Task. Begin at the line below that has "Colorful Abstract Designs". Stop after the line that has "Bombilla Esferica Led", repeating each line exactly and leaving out the pictures.
### Data for review
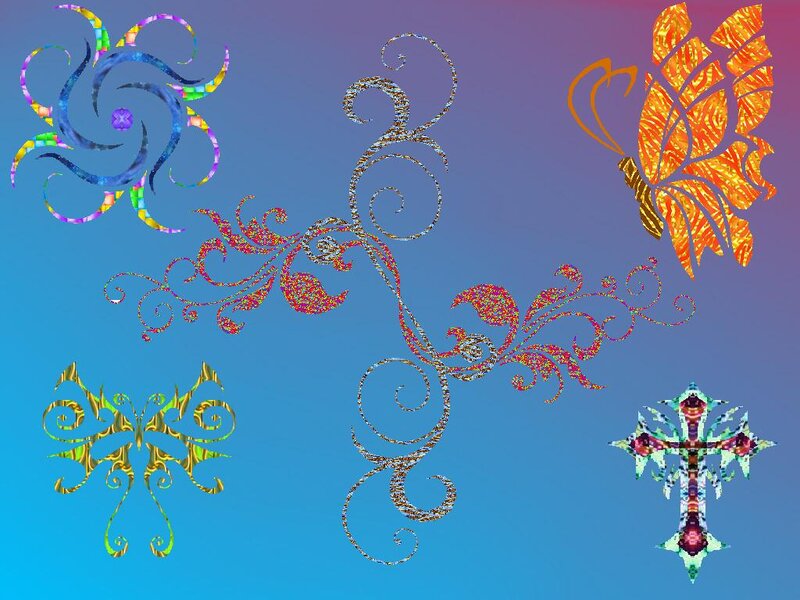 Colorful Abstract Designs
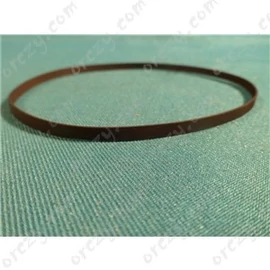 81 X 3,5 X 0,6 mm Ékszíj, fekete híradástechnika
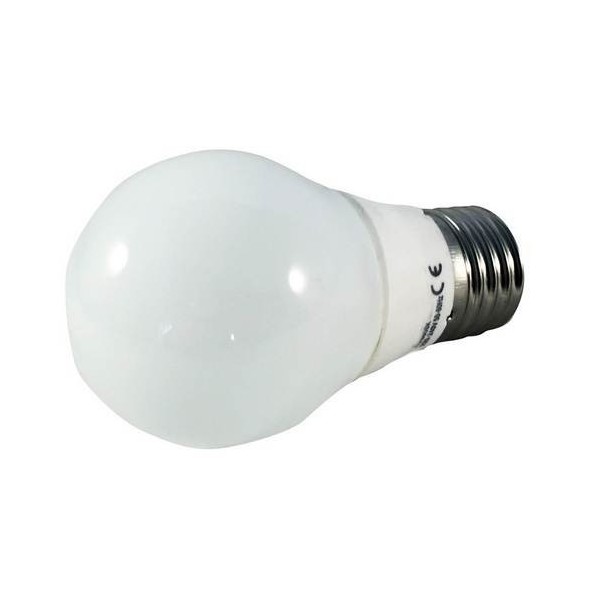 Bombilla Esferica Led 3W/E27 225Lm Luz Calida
######
### Data for review
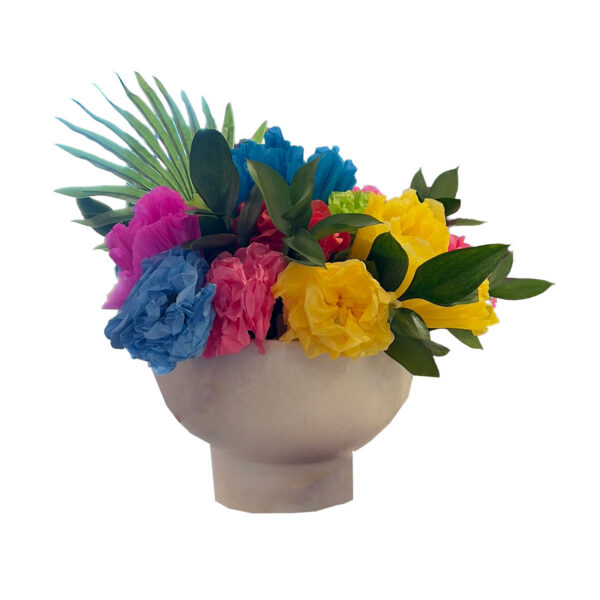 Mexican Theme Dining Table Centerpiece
######
### Data for review
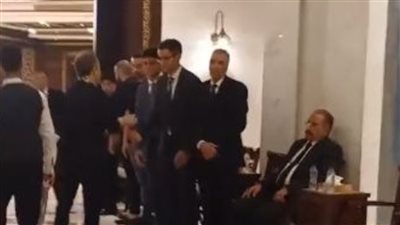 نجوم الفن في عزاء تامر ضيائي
######
Solution to the exercise.
 Colorful Abstract Designs
 81 X 3,5 X 0,6 mm Ékszíj, fekete híradástechnika
 Bombilla Esferica Led 3W/E27 225Lm Luz Calida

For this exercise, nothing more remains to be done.